- Work task:
The answer is the full set of records below, transcribed exactly.

[Records drawn from a dataset]
++++
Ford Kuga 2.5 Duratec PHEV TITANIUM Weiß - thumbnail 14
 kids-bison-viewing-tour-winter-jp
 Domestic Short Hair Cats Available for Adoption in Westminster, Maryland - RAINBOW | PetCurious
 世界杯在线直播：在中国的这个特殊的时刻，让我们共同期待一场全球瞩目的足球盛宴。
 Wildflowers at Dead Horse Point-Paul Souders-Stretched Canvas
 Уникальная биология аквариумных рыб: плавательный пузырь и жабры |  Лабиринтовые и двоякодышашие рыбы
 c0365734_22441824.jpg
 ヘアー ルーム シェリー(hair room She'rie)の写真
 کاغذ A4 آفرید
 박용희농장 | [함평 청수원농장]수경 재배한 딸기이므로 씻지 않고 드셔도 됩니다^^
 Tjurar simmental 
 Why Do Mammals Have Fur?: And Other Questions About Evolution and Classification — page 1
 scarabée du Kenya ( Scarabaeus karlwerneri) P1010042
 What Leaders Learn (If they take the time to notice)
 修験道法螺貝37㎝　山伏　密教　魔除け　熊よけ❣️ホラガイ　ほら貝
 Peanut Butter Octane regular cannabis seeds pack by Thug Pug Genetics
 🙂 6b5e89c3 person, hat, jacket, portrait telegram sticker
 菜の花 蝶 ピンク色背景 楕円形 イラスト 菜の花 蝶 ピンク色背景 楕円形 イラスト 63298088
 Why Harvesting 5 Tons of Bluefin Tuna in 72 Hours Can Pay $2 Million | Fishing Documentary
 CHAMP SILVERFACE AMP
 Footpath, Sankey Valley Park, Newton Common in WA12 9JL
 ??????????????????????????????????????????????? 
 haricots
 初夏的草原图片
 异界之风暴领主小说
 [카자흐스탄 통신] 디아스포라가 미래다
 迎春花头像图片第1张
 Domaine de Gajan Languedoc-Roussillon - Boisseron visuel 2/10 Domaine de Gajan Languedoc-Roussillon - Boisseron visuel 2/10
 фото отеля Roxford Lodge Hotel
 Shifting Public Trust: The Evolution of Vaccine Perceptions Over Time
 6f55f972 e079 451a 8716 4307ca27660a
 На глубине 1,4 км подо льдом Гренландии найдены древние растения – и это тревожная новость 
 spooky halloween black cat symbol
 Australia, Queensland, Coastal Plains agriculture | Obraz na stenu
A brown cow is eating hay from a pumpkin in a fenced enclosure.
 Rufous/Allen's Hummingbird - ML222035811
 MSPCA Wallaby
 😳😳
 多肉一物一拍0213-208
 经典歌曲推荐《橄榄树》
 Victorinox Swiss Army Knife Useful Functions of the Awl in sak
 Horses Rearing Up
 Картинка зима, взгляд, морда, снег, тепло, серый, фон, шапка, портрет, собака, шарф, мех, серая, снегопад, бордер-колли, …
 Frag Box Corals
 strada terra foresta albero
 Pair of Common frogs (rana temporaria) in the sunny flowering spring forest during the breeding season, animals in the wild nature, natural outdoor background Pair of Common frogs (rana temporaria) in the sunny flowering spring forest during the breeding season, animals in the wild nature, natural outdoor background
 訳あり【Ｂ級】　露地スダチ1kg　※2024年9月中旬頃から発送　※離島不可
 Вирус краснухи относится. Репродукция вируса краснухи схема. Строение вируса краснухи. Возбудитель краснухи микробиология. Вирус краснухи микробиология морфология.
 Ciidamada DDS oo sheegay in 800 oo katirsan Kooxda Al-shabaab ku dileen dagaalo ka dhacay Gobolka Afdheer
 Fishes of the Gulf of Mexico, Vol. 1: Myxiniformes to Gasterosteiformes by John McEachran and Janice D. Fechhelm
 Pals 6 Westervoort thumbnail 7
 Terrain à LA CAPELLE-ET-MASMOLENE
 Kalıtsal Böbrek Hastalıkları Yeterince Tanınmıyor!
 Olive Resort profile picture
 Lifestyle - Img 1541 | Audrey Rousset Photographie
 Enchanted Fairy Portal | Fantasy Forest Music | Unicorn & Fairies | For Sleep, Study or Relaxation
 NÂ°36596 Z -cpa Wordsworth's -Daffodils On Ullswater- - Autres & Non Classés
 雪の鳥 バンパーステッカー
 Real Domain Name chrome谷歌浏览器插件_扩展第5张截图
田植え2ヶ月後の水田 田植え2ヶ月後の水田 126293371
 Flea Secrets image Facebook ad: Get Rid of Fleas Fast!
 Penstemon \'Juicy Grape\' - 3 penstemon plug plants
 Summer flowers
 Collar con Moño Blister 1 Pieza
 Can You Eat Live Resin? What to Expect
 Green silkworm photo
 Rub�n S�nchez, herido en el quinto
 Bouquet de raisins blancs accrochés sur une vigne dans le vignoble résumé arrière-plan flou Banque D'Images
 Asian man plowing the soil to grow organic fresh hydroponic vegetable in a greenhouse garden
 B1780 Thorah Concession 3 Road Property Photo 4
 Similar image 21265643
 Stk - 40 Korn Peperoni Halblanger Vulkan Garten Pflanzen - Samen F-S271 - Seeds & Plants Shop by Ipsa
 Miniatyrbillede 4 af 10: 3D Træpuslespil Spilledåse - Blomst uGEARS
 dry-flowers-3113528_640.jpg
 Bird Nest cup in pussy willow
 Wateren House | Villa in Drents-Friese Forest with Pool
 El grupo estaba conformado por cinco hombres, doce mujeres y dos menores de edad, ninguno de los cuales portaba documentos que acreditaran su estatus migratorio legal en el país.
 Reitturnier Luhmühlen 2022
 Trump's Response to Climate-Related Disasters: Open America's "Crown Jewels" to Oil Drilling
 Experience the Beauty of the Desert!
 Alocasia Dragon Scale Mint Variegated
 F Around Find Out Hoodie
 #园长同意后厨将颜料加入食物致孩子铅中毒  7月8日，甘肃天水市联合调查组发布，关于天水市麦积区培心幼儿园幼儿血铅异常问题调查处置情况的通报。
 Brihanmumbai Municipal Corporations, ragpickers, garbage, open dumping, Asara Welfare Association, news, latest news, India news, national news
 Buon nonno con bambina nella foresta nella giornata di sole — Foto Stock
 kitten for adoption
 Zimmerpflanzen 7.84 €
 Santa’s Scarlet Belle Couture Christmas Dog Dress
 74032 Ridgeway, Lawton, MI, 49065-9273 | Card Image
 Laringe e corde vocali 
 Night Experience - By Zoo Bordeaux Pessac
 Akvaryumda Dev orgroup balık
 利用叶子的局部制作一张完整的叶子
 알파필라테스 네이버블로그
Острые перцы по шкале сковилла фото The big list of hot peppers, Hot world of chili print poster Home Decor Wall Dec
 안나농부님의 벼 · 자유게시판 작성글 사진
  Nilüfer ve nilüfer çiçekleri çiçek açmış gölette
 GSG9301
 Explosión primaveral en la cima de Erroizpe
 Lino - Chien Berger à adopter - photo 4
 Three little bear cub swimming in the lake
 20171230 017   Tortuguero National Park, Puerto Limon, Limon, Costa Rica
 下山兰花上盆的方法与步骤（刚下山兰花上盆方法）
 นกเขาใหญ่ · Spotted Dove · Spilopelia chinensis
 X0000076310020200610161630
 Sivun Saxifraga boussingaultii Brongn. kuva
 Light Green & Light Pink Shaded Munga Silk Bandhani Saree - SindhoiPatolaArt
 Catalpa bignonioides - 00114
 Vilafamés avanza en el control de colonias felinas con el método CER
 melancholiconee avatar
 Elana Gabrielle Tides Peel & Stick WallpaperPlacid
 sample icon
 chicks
++++
- Solved exercise:
Ford Kuga 2.5 Duratec PHEV TITANIUM Weiß - thumbnail 14
 kids-bison-viewing-tour-winter-jp
 Domestic Short Hair Cats Available for Adoption in Westminster, Maryland - RAINBOW | PetCurious
 世界杯在线直播：在中国的这个特殊的时刻，让我们共同期待一场全球瞩目的足球盛宴。
 Wildflowers at Dead Horse Point-Paul Souders-Stretched Canvas
 Уникальная биология аквариумных рыб: плавательный пузырь и жабры |  Лабиринтовые и двоякодышашие рыбы
 c0365734_22441824.jpg
 ヘアー ルーム シェリー(hair room She'rie)の写真
 کاغذ A4 آفرید
 박용희농장 | [함평 청수원농장]수경 재배한 딸기이므로 씻지 않고 드셔도 됩니다^^
 Tjurar simmental 
 Why Do Mammals Have Fur?: And Other Questions About Evolution and Classification — page 1
 scarabée du Kenya ( Scarabaeus karlwerneri) P1010042
 What Leaders Learn (If they take the time to notice)
 修験道法螺貝37㎝　山伏　密教　魔除け　熊よけ❣️ホラガイ　ほら貝
 Peanut Butter Octane regular cannabis seeds pack by Thug Pug Genetics
 🙂 6b5e89c3 person, hat, jacket, portrait telegram sticker
 菜の花 蝶 ピンク色背景 楕円形 イラスト 菜の花 蝶 ピンク色背景 楕円形 イラスト 63298088
 Why Harvesting 5 Tons of Bluefin Tuna in 72 Hours Can Pay $2 Million | Fishing Documentary
 CHAMP SILVERFACE AMP
 Footpath, Sankey Valley Park, Newton Common in WA12 9JL
 ??????????????????????????????????????????????? 
 haricots
 初夏的草原图片
 异界之风暴领主小说
 [카자흐스탄 통신] 디아스포라가 미래다
 迎春花头像图片第1张
 Domaine de Gajan Languedoc-Roussillon - Boisseron visuel 2/10 Domaine de Gajan Languedoc-Roussillon - Boisseron visuel 2/10
 фото отеля Roxford Lodge Hotel
 Shifting Public Trust: The Evolution of Vaccine Perceptions Over Time
 6f55f972 e079 451a 8716 4307ca27660a
 На глубине 1,4 км подо льдом Гренландии найдены древние растения – и это тревожная новость 
 spooky halloween black cat symbol
 Australia, Queensland, Coastal Plains agriculture | Obraz na stenu
A brown cow is eating hay from a pumpkin in a fenced enclosure.
 Rufous/Allen's Hummingbird - ML222035811
 MSPCA Wallaby
 😳😳
 多肉一物一拍0213-208
 经典歌曲推荐《橄榄树》
 Victorinox Swiss Army Knife Useful Functions of the Awl in sak
 Horses Rearing Up
 Картинка зима, взгляд, морда, снег, тепло, серый, фон, шапка, портрет, собака, шарф, мех, серая, снегопад, бордер-колли, …
 Frag Box Corals
 strada terra foresta albero
 Pair of Common frogs (rana temporaria) in the sunny flowering spring forest during the breeding season, animals in the wild nature, natural outdoor background Pair of Common frogs (rana temporaria) in the sunny flowering spring forest during the breeding season, animals in the wild nature, natural outdoor background
 訳あり【Ｂ級】　露地スダチ1kg　※2024年9月中旬頃から発送　※離島不可
 Вирус краснухи относится. Репродукция вируса краснухи схема. Строение вируса краснухи. Возбудитель краснухи микробиология. Вирус краснухи микробиология морфология.
 Ciidamada DDS oo sheegay in 800 oo katirsan Kooxda Al-shabaab ku dileen dagaalo ka dhacay Gobolka Afdheer
 Fishes of the Gulf of Mexico, Vol. 1: Myxiniformes to Gasterosteiformes by John McEachran and Janice D. Fechhelm
 Pals 6 Westervoort thumbnail 7
 Terrain à LA CAPELLE-ET-MASMOLENE
 Kalıtsal Böbrek Hastalıkları Yeterince Tanınmıyor!
 Olive Resort profile picture
 Lifestyle - Img 1541 | Audrey Rousset Photographie
 Enchanted Fairy Portal | Fantasy Forest Music | Unicorn & Fairies | For Sleep, Study or Relaxation
 NÂ°36596 Z -cpa Wordsworth's -Daffodils On Ullswater- - Autres & Non Classés
 雪の鳥 バンパーステッカー
 Real Domain Name chrome谷歌浏览器插件_扩展第5张截图
田植え2ヶ月後の水田 田植え2ヶ月後の水田 126293371
 Flea Secrets image Facebook ad: Get Rid of Fleas Fast!
 Penstemon \'Juicy Grape\' - 3 penstemon plug plants
 Summer flowers
 Collar con Moño Blister 1 Pieza
 Can You Eat Live Resin? What to Expect
 Green silkworm photo
 Rub�n S�nchez, herido en el quinto
 Bouquet de raisins blancs accrochés sur une vigne dans le vignoble résumé arrière-plan flou Banque D'Images
 Asian man plowing the soil to grow organic fresh hydroponic vegetable in a greenhouse garden
 B1780 Thorah Concession 3 Road Property Photo 4
 Similar image 21265643
 Stk - 40 Korn Peperoni Halblanger Vulkan Garten Pflanzen - Samen F-S271 - Seeds & Plants Shop by Ipsa
 Miniatyrbillede 4 af 10: 3D Træpuslespil Spilledåse - Blomst uGEARS
 dry-flowers-3113528_640.jpg
 Bird Nest cup in pussy willow
 Wateren House | Villa in Drents-Friese Forest with Pool
 El grupo estaba conformado por cinco hombres, doce mujeres y dos menores de edad, ninguno de los cuales portaba documentos que acreditaran su estatus migratorio legal en el país.
 Reitturnier Luhmühlen 2022
 Trump's Response to Climate-Related Disasters: Open America's "Crown Jewels" to Oil Drilling
 Experience the Beauty of the Desert!
 Alocasia Dragon Scale Mint Variegated
 F Around Find Out Hoodie
 #园长同意后厨将颜料加入食物致孩子铅中毒  7月8日，甘肃天水市联合调查组发布，关于天水市麦积区培心幼儿园幼儿血铅异常问题调查处置情况的通报。
 Brihanmumbai Municipal Corporations, ragpickers, garbage, open dumping, Asara Welfare Association, news, latest news, India news, national news
 Buon nonno con bambina nella foresta nella giornata di sole — Foto Stock
 kitten for adoption
 Zimmerpflanzen 7.84 €
 Santa’s Scarlet Belle Couture Christmas Dog Dress
 74032 Ridgeway, Lawton, MI, 49065-9273 | Card Image
 Laringe e corde vocali 
 Night Experience - By Zoo Bordeaux Pessac
 Akvaryumda Dev orgroup balık
 利用叶子的局部制作一张完整的叶子
 알파필라테스 네이버블로그
Острые перцы по шкале сковилла фото The big list of hot peppers, Hot world of chili print poster Home Decor Wall Dec
 안나농부님의 벼 · 자유게시판 작성글 사진
  Nilüfer ve nilüfer çiçekleri çiçek açmış gölette
 GSG9301
 Explosión primaveral en la cima de Erroizpe
 Lino - Chien Berger à adopter - photo 4
 Three little bear cub swimming in the lake
 20171230 017   Tortuguero National Park, Puerto Limon, Limon, Costa Rica
 下山兰花上盆的方法与步骤（刚下山兰花上盆方法）
 นกเขาใหญ่ · Spotted Dove · Spilopelia chinensis
 X0000076310020200610161630
 Sivun Saxifraga boussingaultii Brongn. kuva
 Light Green & Light Pink Shaded Munga Silk Bandhani Saree - SindhoiPatolaArt
 Catalpa bignonioides - 00114
 Vilafamés avanza en el control de colonias felinas con el método CER
 melancholiconee avatar
 Elana Gabrielle Tides Peel & Stick WallpaperPlacid
 sample icon
 chicks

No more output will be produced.